Figure 12 depicts the photomicrographs of mouse skin surface treated with normal saline (Control), M_OPT-NMP and M_OPT-NMP gel. The control treated group revealed normal skin histology with intact multilayers of epidermis, dermis and subcutaneous fatty layer. However, the M_OPT-NMP-treated skin showed the alterations in the skin layers, with increase in the width of cell gaps and elongation of epidermal and dermal skin appendages. On the other hand, M_OPT-NMP gel-treated skin showed less alteration in the skin histology. This could be due to the indirect contact of the ME components with skin due to gel formation. The irritation studies did not show visible irritation after application of M_OPT-NMP and M_OPT-NMP gel after 24 h on the dorsal skin of rats (data not shown). Thus, topical drug delivery of the developed ME systems can be considered to be safe.

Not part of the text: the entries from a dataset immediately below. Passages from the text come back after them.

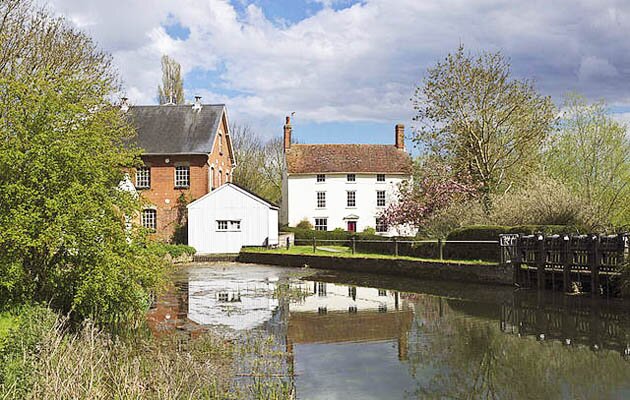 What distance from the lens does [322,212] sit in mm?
54094

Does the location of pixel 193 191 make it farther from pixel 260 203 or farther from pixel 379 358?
pixel 379 358

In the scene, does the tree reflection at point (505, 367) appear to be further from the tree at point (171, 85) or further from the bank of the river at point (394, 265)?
the tree at point (171, 85)

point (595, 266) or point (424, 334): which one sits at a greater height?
point (595, 266)

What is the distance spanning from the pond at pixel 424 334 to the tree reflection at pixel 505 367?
2 centimetres

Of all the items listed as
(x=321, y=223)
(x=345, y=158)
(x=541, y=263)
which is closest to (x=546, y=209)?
(x=541, y=263)

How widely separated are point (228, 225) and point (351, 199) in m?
16.7

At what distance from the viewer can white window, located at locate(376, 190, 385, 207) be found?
5372cm

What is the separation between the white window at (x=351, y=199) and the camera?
53875 millimetres

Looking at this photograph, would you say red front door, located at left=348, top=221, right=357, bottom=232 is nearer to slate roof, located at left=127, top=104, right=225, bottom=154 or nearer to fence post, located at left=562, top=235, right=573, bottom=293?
slate roof, located at left=127, top=104, right=225, bottom=154

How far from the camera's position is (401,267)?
1072 inches

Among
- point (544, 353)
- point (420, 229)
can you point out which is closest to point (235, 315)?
point (544, 353)

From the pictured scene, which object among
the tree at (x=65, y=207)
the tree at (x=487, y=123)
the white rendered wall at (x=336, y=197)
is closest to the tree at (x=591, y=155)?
the tree at (x=487, y=123)

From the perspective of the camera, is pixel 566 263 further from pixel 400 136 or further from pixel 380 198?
pixel 400 136

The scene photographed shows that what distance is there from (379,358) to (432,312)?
5.79 metres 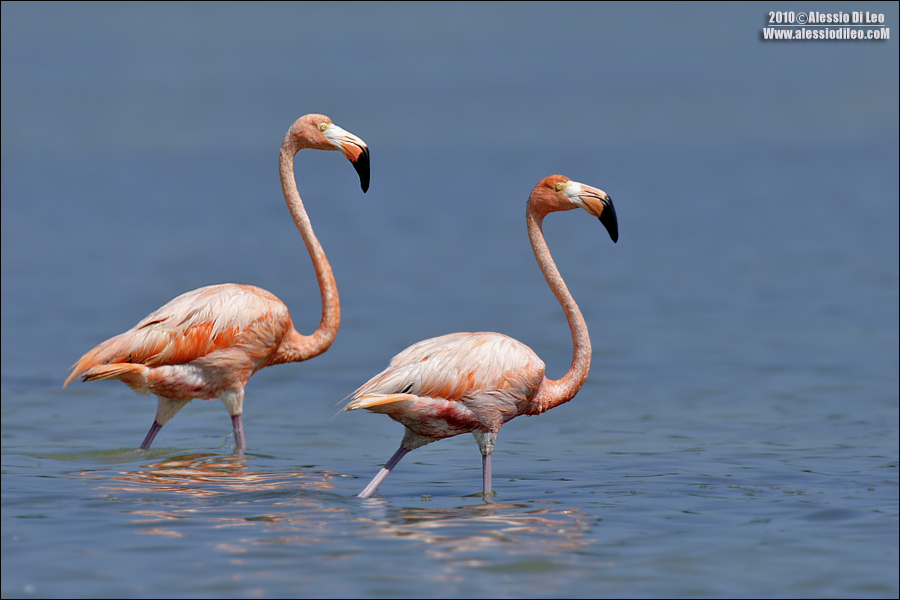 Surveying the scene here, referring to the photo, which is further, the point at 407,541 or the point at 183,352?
the point at 183,352

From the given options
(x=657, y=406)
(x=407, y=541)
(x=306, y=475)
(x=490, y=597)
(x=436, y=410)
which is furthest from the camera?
(x=657, y=406)

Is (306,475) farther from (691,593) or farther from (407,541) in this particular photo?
(691,593)

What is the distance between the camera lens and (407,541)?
6250 mm

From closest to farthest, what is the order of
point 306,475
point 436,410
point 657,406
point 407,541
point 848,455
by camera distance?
point 407,541 → point 436,410 → point 306,475 → point 848,455 → point 657,406

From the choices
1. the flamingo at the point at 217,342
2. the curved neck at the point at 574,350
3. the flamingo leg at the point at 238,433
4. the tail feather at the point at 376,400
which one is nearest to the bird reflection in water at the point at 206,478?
the flamingo leg at the point at 238,433

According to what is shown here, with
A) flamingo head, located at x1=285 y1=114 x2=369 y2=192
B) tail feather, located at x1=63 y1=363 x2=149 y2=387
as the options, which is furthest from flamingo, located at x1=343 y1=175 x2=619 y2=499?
tail feather, located at x1=63 y1=363 x2=149 y2=387

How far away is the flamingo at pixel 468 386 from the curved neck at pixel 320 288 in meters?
1.95

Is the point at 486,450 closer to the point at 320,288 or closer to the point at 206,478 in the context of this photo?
the point at 206,478

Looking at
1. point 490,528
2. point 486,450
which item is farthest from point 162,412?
point 490,528

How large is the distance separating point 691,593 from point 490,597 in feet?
3.25

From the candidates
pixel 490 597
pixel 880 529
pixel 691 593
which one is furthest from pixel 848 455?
pixel 490 597

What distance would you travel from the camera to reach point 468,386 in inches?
281

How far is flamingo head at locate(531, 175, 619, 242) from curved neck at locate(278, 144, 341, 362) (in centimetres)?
213

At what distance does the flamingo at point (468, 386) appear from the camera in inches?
279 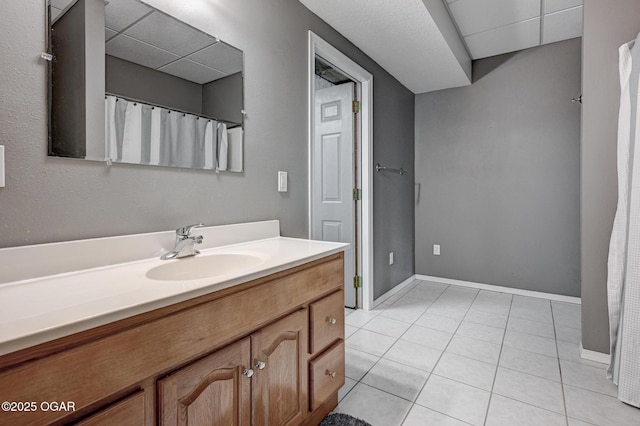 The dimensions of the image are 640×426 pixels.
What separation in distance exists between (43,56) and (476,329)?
2.80m

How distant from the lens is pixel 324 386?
1309 mm

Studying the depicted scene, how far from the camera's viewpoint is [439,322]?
2.45 metres

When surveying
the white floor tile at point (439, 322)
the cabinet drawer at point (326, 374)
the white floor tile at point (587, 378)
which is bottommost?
the white floor tile at point (587, 378)

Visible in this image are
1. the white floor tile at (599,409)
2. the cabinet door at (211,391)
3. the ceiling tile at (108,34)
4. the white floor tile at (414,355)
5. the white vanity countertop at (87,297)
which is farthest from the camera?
the white floor tile at (414,355)

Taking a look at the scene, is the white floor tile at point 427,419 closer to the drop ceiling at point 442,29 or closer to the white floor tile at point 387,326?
the white floor tile at point 387,326

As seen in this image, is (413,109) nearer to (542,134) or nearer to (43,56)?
(542,134)

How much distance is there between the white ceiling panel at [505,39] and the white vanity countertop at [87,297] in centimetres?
288

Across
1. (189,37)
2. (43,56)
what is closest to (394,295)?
(189,37)

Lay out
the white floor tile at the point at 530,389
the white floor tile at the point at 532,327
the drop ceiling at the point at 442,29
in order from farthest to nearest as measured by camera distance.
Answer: the white floor tile at the point at 532,327 < the drop ceiling at the point at 442,29 < the white floor tile at the point at 530,389

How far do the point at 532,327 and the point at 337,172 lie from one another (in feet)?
6.45

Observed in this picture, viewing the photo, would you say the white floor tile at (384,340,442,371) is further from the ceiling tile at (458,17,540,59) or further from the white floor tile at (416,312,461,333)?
the ceiling tile at (458,17,540,59)

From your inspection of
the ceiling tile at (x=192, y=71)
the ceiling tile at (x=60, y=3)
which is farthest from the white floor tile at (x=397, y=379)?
the ceiling tile at (x=60, y=3)

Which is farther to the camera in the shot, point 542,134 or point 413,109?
point 413,109

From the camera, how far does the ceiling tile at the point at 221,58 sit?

Figure 12. Photomicrographs of skin histology sections treated with (a) Control (b) M_OPT-NMP gel treated (c) M_OPT-NMP treated.

Conclusions

In this research work, new oil/water EMLP-loaded phospholipid MEs have been developed employing the QbD methodology. The MEs were optimized using the D-optimal mixture experimental design to get the optimum composition with desired carrier characteristics. The results revealed that the various components had significant effect on the responses. The optimum ME composition could be located at the level of 5% IPM, 5% EMLP, 30% S_mix and 60% water. The M_OPT-NMP gel formulation with 5% NMP showed better skin permeation and skin absorption than all other optimized formulations and CC. In the assessment for in vivo efficacy on tail-flick model in rats, the M_OPT-NMP gel has shown significant improvement vis-à-vis conventional system. The studies are indicative of the usefulness of the tested novel compositions containing local anesthetics more effective and safe than currently available formulations.

Acknowledgements

Authors are thankful to M/s Ipca Labs Ltd. Ratlam, India for generously providing the gift samples of lidocaine and Prilocaine, where to M/s Gattefosse, Hauptstrasse, Germanyand M/s Phospholipid GmbH, Nattermannallee, Germany, for the ex gratis supply of Labrasol®, Lauroglycol 90® and phospholipids, respectively.

Declaration of interest

The authors report no declarations of interest. Financial grants obtained from University Grants Commission (UGC), New Delhi, to one of us (Poonam Negi) are gratefully acknowledged.